The reply should be a single number: the count of lines below that contain the word "avec".

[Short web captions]
-*-
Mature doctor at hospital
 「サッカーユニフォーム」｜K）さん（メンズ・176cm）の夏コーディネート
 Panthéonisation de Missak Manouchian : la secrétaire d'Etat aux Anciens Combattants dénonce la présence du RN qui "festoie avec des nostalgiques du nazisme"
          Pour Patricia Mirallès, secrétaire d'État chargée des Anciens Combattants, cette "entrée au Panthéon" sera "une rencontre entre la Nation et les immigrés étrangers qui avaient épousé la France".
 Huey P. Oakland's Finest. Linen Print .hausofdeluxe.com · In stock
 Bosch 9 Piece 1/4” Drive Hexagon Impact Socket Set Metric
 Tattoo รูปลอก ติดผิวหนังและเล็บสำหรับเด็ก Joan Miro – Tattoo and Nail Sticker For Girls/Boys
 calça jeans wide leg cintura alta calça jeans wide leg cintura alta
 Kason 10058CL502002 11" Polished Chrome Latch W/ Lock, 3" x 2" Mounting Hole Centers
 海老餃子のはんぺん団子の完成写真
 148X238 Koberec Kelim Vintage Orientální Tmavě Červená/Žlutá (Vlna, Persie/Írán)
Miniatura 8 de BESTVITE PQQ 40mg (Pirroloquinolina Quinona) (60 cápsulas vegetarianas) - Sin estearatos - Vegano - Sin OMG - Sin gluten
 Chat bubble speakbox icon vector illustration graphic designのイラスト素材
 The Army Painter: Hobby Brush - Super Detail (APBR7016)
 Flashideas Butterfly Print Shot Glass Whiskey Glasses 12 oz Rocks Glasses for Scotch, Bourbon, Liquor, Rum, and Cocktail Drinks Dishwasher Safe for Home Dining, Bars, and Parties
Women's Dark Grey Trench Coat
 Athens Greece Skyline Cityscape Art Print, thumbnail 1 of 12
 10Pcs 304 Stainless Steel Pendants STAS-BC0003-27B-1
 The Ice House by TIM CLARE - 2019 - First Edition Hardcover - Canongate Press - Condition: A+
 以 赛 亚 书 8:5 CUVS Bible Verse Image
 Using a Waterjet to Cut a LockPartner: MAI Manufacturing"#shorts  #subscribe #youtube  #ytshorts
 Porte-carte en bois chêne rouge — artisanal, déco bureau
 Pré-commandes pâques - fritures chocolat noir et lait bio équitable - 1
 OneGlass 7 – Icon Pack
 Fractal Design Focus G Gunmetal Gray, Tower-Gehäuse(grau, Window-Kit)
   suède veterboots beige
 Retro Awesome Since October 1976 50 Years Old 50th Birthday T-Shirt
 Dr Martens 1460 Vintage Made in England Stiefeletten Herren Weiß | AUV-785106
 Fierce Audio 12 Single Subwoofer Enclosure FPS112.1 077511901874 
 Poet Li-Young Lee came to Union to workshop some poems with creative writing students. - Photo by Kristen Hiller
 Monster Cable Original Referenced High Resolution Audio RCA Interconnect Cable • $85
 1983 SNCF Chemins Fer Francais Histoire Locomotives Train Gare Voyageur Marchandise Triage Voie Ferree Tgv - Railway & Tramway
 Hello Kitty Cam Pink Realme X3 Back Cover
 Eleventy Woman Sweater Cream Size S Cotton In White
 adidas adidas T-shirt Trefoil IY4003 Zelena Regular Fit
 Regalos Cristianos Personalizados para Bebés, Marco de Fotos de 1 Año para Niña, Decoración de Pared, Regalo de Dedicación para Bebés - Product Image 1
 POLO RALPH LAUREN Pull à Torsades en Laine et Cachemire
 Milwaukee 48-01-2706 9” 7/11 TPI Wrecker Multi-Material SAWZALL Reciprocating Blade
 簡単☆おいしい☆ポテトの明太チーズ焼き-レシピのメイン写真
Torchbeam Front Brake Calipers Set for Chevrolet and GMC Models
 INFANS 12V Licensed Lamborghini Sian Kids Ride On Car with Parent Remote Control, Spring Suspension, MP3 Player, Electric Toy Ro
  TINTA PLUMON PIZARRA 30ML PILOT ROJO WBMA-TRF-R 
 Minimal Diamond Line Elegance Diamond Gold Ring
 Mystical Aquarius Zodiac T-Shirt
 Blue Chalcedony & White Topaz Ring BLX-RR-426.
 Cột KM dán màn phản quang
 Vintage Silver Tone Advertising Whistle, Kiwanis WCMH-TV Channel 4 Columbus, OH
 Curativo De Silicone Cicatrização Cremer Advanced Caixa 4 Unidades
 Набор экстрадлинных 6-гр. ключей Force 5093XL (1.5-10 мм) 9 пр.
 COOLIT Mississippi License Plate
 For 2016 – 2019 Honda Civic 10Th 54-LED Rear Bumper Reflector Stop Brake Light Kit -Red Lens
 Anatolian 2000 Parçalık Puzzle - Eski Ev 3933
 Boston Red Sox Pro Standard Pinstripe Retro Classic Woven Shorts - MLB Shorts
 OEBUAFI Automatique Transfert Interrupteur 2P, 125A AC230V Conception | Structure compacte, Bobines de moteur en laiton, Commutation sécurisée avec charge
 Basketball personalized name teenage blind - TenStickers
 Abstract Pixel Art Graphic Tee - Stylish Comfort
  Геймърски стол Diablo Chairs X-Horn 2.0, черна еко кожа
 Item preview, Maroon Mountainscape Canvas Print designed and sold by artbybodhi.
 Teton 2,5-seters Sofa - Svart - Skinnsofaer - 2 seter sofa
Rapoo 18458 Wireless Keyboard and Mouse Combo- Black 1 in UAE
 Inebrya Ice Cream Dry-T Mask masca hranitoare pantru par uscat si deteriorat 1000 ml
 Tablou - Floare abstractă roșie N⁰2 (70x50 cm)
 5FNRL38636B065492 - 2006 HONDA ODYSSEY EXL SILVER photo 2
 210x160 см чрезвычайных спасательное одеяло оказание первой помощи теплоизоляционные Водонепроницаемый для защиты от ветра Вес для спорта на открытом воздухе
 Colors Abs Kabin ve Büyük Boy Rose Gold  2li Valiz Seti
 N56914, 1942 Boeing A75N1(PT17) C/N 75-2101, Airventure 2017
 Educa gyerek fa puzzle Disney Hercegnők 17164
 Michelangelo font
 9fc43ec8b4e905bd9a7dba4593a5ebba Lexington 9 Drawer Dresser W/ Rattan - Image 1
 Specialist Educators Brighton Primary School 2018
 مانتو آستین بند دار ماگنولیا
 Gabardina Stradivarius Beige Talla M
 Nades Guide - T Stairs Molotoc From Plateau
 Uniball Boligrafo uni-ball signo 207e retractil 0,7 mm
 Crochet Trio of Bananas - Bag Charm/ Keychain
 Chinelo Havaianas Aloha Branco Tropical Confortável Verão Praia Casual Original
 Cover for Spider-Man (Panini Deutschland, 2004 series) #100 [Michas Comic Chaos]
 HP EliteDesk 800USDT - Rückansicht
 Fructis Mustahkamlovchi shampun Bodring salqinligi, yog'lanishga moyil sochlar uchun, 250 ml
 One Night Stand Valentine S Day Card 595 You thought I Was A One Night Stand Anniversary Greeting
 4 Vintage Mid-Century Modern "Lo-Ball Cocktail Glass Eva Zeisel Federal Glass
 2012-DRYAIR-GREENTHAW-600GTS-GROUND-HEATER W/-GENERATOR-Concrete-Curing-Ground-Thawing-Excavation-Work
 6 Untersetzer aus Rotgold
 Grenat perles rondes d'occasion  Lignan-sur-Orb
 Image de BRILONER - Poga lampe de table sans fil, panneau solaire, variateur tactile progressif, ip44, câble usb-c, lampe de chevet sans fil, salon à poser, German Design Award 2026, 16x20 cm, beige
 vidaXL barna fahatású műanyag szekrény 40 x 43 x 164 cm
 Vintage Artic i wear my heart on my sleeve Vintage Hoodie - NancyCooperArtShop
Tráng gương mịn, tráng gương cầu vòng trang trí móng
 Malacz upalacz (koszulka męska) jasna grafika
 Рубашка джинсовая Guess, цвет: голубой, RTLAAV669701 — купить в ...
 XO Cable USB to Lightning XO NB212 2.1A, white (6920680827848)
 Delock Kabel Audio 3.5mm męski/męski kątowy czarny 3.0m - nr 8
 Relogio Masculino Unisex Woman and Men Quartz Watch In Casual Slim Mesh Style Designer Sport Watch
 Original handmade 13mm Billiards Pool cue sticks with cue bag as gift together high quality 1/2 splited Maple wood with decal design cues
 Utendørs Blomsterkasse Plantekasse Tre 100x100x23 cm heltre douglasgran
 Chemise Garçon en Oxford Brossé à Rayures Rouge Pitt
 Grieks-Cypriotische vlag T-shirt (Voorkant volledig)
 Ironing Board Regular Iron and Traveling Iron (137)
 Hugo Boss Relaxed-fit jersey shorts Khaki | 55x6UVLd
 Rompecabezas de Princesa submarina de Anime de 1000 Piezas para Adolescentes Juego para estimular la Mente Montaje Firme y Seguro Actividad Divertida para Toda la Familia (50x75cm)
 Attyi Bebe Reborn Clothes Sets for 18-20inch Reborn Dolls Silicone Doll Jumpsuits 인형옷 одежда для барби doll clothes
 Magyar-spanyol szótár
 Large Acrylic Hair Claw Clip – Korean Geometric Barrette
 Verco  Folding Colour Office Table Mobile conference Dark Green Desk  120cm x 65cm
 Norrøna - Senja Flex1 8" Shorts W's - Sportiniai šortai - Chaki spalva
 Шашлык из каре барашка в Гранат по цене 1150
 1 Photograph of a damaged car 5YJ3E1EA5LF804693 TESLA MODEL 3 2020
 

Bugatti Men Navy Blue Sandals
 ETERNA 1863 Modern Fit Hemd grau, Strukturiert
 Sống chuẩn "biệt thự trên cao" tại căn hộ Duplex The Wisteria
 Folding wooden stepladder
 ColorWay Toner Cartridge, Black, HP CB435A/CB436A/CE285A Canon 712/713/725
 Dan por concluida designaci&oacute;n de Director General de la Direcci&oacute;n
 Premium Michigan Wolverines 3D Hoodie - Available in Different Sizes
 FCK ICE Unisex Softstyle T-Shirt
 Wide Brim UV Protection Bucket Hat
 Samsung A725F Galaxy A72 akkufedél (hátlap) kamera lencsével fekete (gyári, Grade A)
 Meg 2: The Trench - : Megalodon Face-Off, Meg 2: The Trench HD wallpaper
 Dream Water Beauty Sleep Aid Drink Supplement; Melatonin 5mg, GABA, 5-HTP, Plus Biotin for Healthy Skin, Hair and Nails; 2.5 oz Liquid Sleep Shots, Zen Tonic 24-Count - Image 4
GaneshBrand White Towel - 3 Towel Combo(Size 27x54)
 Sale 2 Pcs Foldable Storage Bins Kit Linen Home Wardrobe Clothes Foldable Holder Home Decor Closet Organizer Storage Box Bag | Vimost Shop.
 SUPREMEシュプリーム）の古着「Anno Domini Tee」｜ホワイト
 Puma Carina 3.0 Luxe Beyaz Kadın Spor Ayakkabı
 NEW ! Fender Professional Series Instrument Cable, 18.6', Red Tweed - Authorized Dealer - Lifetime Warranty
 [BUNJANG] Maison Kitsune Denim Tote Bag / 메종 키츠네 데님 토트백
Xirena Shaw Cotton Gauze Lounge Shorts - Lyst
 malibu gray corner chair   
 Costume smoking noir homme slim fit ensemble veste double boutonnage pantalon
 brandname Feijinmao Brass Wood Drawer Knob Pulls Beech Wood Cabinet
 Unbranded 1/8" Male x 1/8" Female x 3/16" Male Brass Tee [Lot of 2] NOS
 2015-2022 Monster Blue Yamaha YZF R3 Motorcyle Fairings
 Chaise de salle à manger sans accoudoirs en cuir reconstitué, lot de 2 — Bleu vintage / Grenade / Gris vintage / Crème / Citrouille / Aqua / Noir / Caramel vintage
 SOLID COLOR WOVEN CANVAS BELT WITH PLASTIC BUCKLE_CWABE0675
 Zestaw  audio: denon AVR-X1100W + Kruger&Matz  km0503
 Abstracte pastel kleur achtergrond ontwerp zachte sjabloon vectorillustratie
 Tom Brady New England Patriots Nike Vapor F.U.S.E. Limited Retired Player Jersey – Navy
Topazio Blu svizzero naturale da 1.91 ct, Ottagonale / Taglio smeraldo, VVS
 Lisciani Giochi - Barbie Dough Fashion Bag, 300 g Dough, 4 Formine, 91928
-*-
== THE ANSWER ==
2